La temperatura corporea era molto elevata. Ansimava ancora dal dolore. Per quanto tempo era rimasto svenuto? Riuscì a farsi forza e ad osservare cosa fosse successo. Stavano accorrendo verso di lui anche l’altra bambina che stava sempre insieme a Conan, Ai Haibara, seguita dal dottor Agasa che si occupava di lei.
Perché Conan aveva chiamato loro e non la polizia? Cosa stava combinando?
“Takagi, come ti senti?” la bambina l’aveva raggiunto e gli aveva appoggiato una mano sulla fronte. “Dottore, dobbiamo portarlo via da qui al più presto prima che qualcuno lo veda, se non vogliamo farci scoprire”. Ma, in che senso scusa? Non aveva molte forze per parlare e chiedere motivazioni. La squadrò e poi si sentì tirar su di peso. L’uomo anziano l’aveva preso in braccio.
Cosa? Come avrebbe potuto sollevare da terra un uomo a peso morto? Improvvisamente sentì i vestiti scivolargli addosso.
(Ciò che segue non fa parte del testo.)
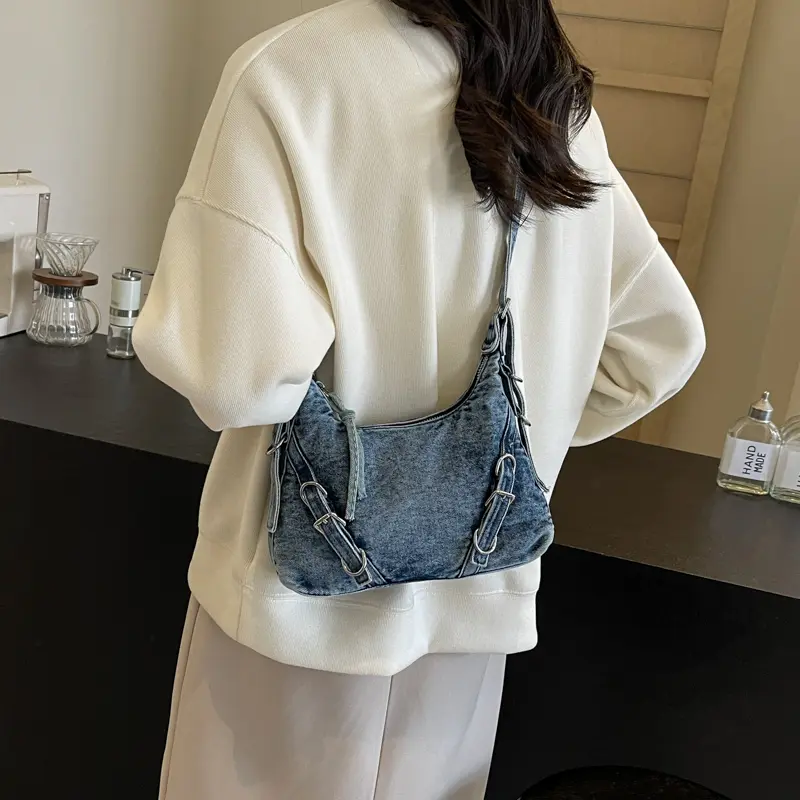 Belt Design Underarm Shoulder Bags For Women 2024 Y2k Korean Fashion Females Small Cloth Crossbody Bag Lady Handbags And Purses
Per qualche strana ragione gli sembrava di essere avvolto da troppi strati di tessuto. La visuale era molto favorevole rispetto a quando si trovava sdraiato. Poteva vedere benissimo... I pantaloni che gli cadevano a penzoloni, i piedi arrivavano nel mezzo delle gambe dei pantaloni. Le maniche della giacca e della camicia erano enormi. Per non parlare delle scarpe tenute in mano dalla bambina. Che diamine...?!
Si sentì mancare le forze, di nuovo. Chiuse gli occhi sperando fosse solo un’allucinazione, e senza nemmeno accorgersene cadde di nuovo sfinito, fortunatamente il dottore lo teneva ancora tra le braccia.